(Material supplied begins)
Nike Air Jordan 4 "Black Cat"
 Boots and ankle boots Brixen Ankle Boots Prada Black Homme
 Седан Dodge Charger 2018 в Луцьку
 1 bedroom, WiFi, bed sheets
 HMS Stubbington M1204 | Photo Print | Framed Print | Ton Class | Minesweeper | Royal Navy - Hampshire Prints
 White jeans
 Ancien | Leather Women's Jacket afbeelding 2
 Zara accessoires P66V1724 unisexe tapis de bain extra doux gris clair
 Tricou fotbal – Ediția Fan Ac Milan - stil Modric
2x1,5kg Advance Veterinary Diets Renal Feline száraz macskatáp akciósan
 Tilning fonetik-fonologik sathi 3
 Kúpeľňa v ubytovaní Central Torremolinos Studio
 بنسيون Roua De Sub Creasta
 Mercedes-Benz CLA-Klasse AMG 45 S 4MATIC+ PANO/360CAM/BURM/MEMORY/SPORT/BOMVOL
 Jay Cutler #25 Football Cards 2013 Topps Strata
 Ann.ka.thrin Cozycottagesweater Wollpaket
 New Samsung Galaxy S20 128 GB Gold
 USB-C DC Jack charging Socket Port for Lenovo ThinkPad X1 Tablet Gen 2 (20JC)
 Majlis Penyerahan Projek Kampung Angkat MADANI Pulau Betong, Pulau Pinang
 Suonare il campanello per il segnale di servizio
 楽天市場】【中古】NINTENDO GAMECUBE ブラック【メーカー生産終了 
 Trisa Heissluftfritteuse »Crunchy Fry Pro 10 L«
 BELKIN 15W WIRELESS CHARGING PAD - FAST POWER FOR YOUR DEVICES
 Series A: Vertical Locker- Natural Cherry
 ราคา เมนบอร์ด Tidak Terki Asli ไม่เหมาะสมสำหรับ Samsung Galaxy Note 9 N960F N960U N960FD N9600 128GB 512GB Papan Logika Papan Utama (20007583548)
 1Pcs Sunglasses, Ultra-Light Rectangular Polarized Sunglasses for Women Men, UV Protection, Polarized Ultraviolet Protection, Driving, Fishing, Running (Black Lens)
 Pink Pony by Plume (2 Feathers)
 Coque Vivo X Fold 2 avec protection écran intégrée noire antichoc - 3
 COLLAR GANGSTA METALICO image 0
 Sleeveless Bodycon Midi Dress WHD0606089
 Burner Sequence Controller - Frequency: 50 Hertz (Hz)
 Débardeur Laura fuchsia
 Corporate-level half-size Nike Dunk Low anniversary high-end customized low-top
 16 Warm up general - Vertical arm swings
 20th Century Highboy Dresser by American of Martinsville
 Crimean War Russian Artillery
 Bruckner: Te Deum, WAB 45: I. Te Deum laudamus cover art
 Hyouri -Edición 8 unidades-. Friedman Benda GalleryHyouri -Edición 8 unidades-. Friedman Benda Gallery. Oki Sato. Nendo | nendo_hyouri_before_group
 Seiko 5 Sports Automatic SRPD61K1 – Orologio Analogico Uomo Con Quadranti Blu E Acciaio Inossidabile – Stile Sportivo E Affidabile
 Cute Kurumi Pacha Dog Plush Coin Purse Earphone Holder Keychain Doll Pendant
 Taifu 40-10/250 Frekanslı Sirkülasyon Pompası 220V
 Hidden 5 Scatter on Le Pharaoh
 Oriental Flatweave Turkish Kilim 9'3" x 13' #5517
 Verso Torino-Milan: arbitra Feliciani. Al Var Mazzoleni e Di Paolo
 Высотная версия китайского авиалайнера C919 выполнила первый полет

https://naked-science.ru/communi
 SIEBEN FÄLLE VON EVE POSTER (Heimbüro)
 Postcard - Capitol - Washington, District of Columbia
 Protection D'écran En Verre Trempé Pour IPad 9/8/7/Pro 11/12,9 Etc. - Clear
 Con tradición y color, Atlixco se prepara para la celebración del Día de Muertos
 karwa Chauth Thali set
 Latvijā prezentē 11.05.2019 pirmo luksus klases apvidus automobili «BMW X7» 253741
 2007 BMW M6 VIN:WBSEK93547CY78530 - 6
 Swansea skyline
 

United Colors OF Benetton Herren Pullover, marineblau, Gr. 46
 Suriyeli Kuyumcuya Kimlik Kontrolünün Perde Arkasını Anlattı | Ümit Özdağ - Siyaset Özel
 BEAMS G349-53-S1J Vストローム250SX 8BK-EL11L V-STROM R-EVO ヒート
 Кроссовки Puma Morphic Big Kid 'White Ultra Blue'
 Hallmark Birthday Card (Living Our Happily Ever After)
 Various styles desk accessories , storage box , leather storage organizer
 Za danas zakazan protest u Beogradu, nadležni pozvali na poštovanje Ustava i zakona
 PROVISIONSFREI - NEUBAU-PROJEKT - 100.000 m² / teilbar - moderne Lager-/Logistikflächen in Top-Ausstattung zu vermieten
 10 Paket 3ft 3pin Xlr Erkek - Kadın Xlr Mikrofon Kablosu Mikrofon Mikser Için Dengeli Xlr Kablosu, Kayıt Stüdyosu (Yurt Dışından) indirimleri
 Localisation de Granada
(Material supplied ends)
◆ About this task
Using the data above, print every record exactly as shown.

◆ Your solution
Nike Air Jordan 4 "Black Cat"
 Boots and ankle boots Brixen Ankle Boots Prada Black Homme
 Седан Dodge Charger 2018 в Луцьку
 1 bedroom, WiFi, bed sheets
 HMS Stubbington M1204 | Photo Print | Framed Print | Ton Class | Minesweeper | Royal Navy - Hampshire Prints
 White jeans
 Ancien | Leather Women's Jacket afbeelding 2
 Zara accessoires P66V1724 unisexe tapis de bain extra doux gris clair
 Tricou fotbal – Ediția Fan Ac Milan - stil Modric
2x1,5kg Advance Veterinary Diets Renal Feline száraz macskatáp akciósan
 Tilning fonetik-fonologik sathi 3
 Kúpeľňa v ubytovaní Central Torremolinos Studio
 بنسيون Roua De Sub Creasta
 Mercedes-Benz CLA-Klasse AMG 45 S 4MATIC+ PANO/360CAM/BURM/MEMORY/SPORT/BOMVOL
 Jay Cutler #25 Football Cards 2013 Topps Strata
 Ann.ka.thrin Cozycottagesweater Wollpaket
 New Samsung Galaxy S20 128 GB Gold
 USB-C DC Jack charging Socket Port for Lenovo ThinkPad X1 Tablet Gen 2 (20JC)
 Majlis Penyerahan Projek Kampung Angkat MADANI Pulau Betong, Pulau Pinang
 Suonare il campanello per il segnale di servizio
 楽天市場】【中古】NINTENDO GAMECUBE ブラック【メーカー生産終了 
 Trisa Heissluftfritteuse »Crunchy Fry Pro 10 L«
 BELKIN 15W WIRELESS CHARGING PAD - FAST POWER FOR YOUR DEVICES
 Series A: Vertical Locker- Natural Cherry
 ราคา เมนบอร์ด Tidak Terki Asli ไม่เหมาะสมสำหรับ Samsung Galaxy Note 9 N960F N960U N960FD N9600 128GB 512GB Papan Logika Papan Utama (20007583548)
 1Pcs Sunglasses, Ultra-Light Rectangular Polarized Sunglasses for Women Men, UV Protection, Polarized Ultraviolet Protection, Driving, Fishing, Running (Black Lens)
 Pink Pony by Plume (2 Feathers)
 Coque Vivo X Fold 2 avec protection écran intégrée noire antichoc - 3
 COLLAR GANGSTA METALICO image 0
 Sleeveless Bodycon Midi Dress WHD0606089
 Burner Sequence Controller - Frequency: 50 Hertz (Hz)
 Débardeur Laura fuchsia
 Corporate-level half-size Nike Dunk Low anniversary high-end customized low-top
 16 Warm up general - Vertical arm swings
 20th Century Highboy Dresser by American of Martinsville
 Crimean War Russian Artillery
 Bruckner: Te Deum, WAB 45: I. Te Deum laudamus cover art
 Hyouri -Edición 8 unidades-. Friedman Benda GalleryHyouri -Edición 8 unidades-. Friedman Benda Gallery. Oki Sato. Nendo | nendo_hyouri_before_group
 Seiko 5 Sports Automatic SRPD61K1 – Orologio Analogico Uomo Con Quadranti Blu E Acciaio Inossidabile – Stile Sportivo E Affidabile
 Cute Kurumi Pacha Dog Plush Coin Purse Earphone Holder Keychain Doll Pendant
 Taifu 40-10/250 Frekanslı Sirkülasyon Pompası 220V
 Hidden 5 Scatter on Le Pharaoh
 Oriental Flatweave Turkish Kilim 9'3" x 13' #5517
 Verso Torino-Milan: arbitra Feliciani. Al Var Mazzoleni e Di Paolo
 Высотная версия китайского авиалайнера C919 выполнила первый полет

https://naked-science.ru/communi
 SIEBEN FÄLLE VON EVE POSTER (Heimbüro)
 Postcard - Capitol - Washington, District of Columbia
 Protection D'écran En Verre Trempé Pour IPad 9/8/7/Pro 11/12,9 Etc. - Clear
 Con tradición y color, Atlixco se prepara para la celebración del Día de Muertos
 karwa Chauth Thali set
 Latvijā prezentē 11.05.2019 pirmo luksus klases apvidus automobili «BMW X7» 253741
 2007 BMW M6 VIN:WBSEK93547CY78530 - 6
 Swansea skyline
 

United Colors OF Benetton Herren Pullover, marineblau, Gr. 46
 Suriyeli Kuyumcuya Kimlik Kontrolünün Perde Arkasını Anlattı | Ümit Özdağ - Siyaset Özel
 BEAMS G349-53-S1J Vストローム250SX 8BK-EL11L V-STROM R-EVO ヒート
 Кроссовки Puma Morphic Big Kid 'White Ultra Blue'
 Hallmark Birthday Card (Living Our Happily Ever After)
 Various styles desk accessories , storage box , leather storage organizer
 Za danas zakazan protest u Beogradu, nadležni pozvali na poštovanje Ustava i zakona
 PROVISIONSFREI - NEUBAU-PROJEKT - 100.000 m² / teilbar - moderne Lager-/Logistikflächen in Top-Ausstattung zu vermieten
 10 Paket 3ft 3pin Xlr Erkek - Kadın Xlr Mikrofon Kablosu Mikrofon Mikser Için Dengeli Xlr Kablosu, Kayıt Stüdyosu (Yurt Dışından) indirimleri
 Localisation de Granada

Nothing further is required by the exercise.